-- Extracted information --
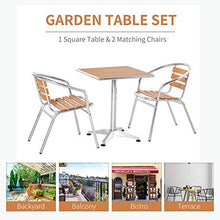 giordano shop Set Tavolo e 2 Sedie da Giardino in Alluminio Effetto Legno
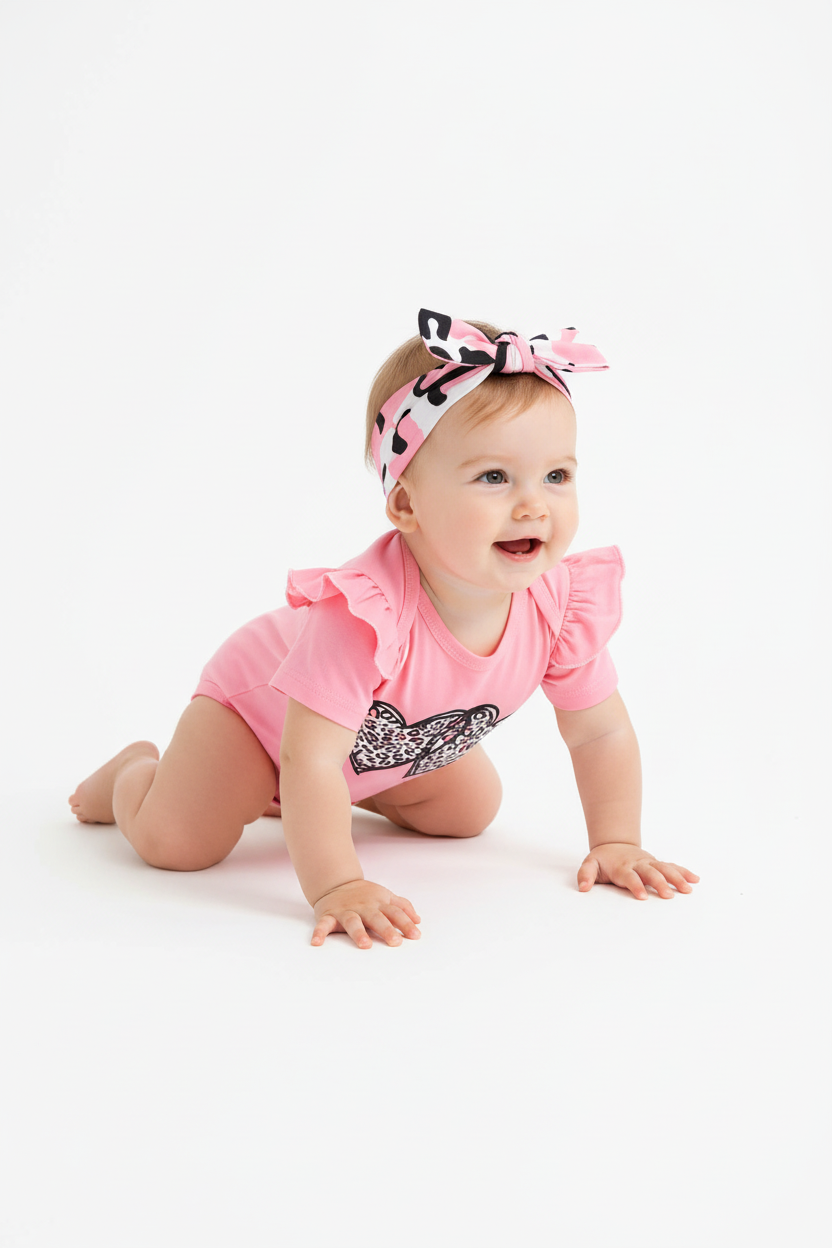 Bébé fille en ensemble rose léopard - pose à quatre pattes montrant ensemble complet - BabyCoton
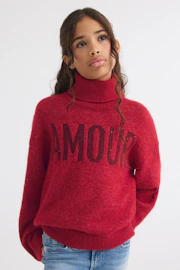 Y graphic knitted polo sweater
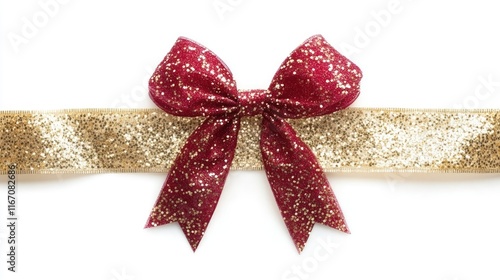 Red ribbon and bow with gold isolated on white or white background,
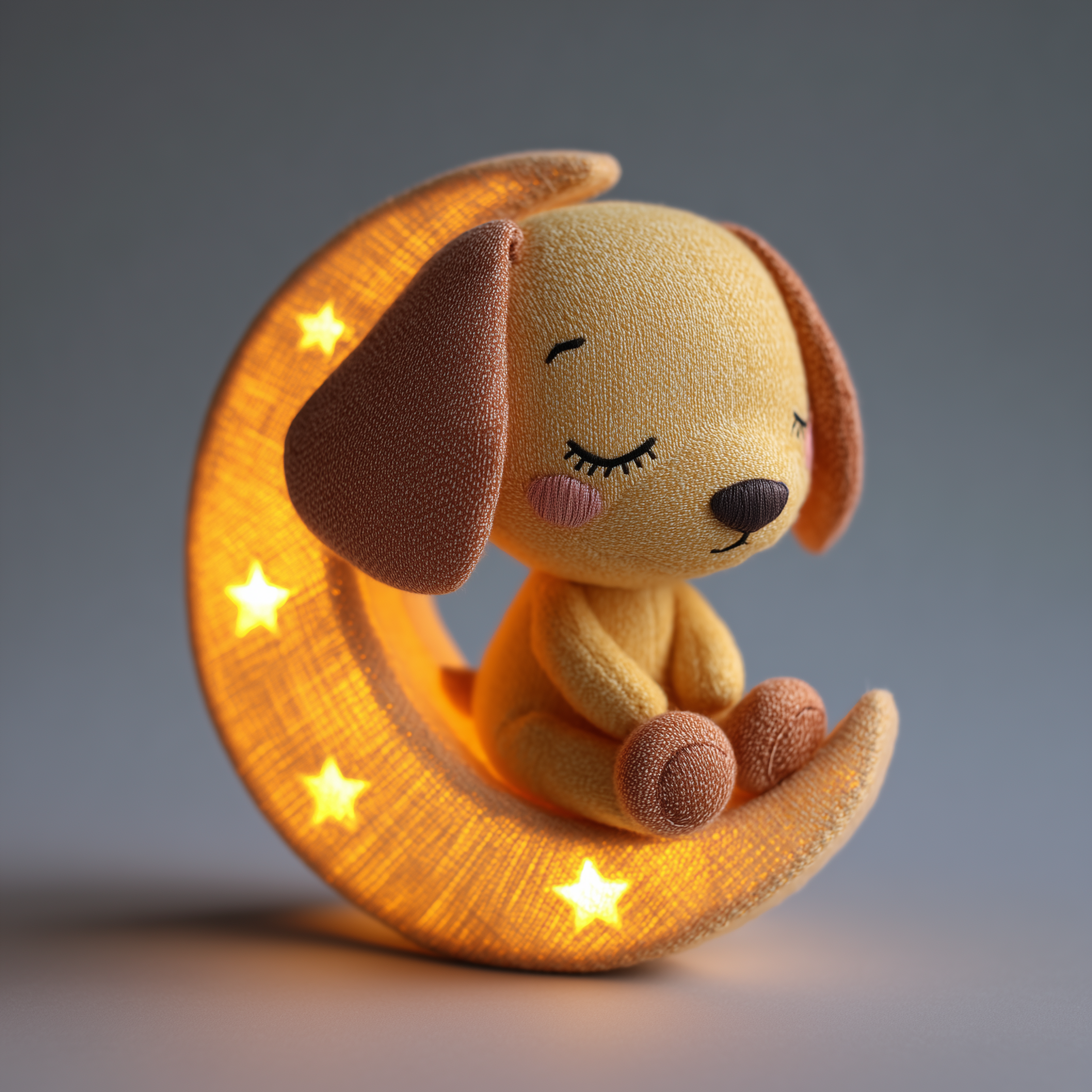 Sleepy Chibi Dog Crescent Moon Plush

---

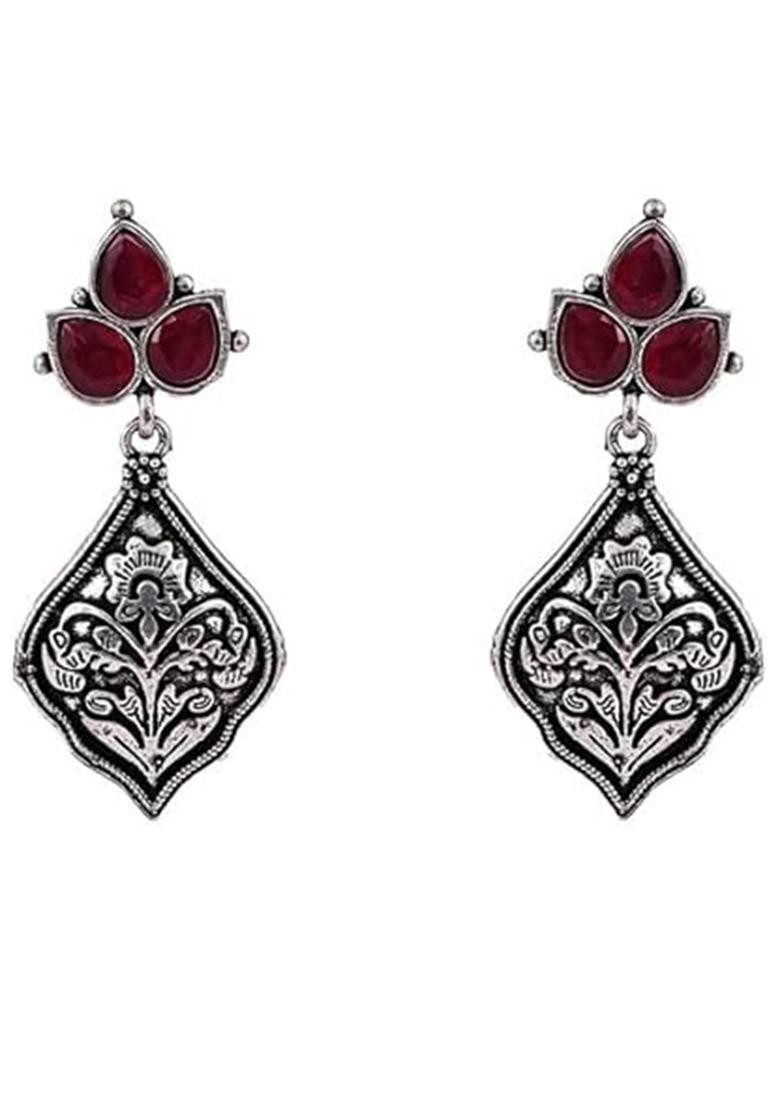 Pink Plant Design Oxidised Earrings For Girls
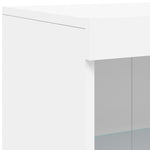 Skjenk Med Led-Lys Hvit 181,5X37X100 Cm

--

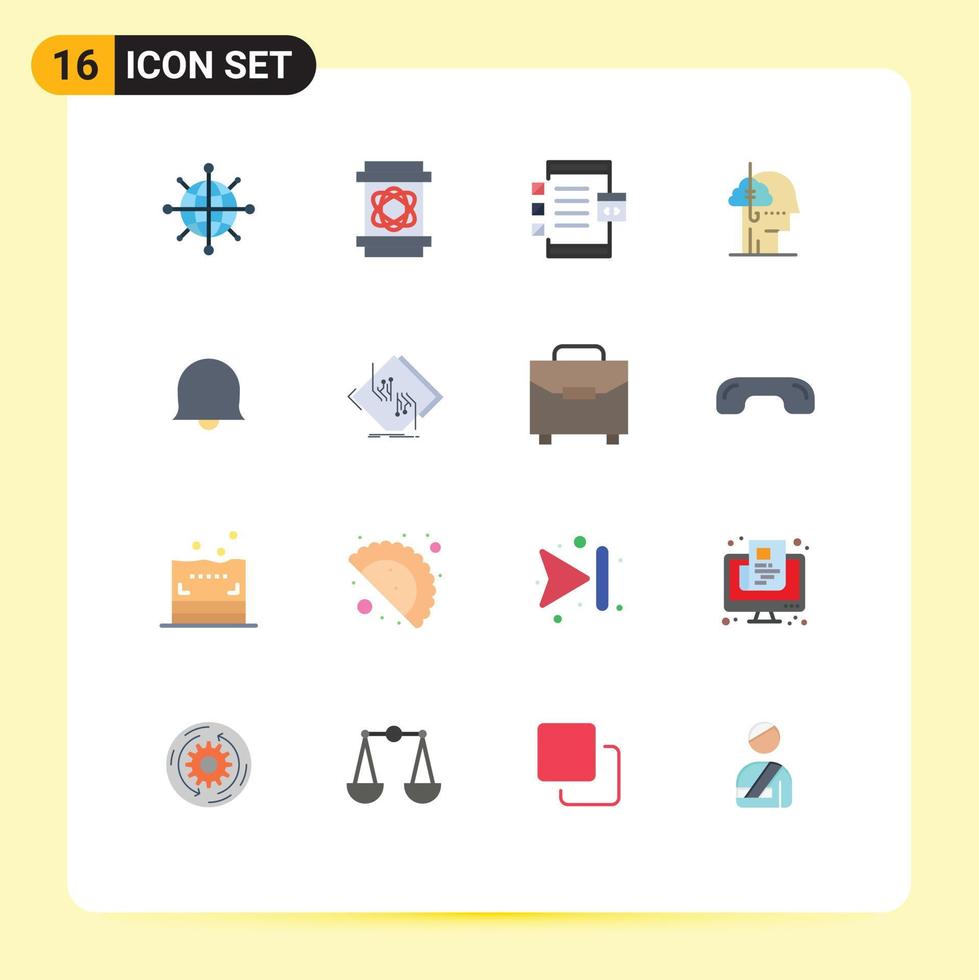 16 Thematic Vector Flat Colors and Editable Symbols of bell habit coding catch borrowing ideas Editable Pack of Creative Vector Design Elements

-- Exercise --
Return only the stretch above from the line containing "Y graphic knitted polo sweater" through the line containing "Sleepy Chibi Dog Crescent Moon Plush", word for word and without pictures.

-- Answer to the problem --
 Y graphic knitted polo sweater
 Red ribbon and bow with gold isolated on white or white background,
 Sleepy Chibi Dog Crescent Moon Plush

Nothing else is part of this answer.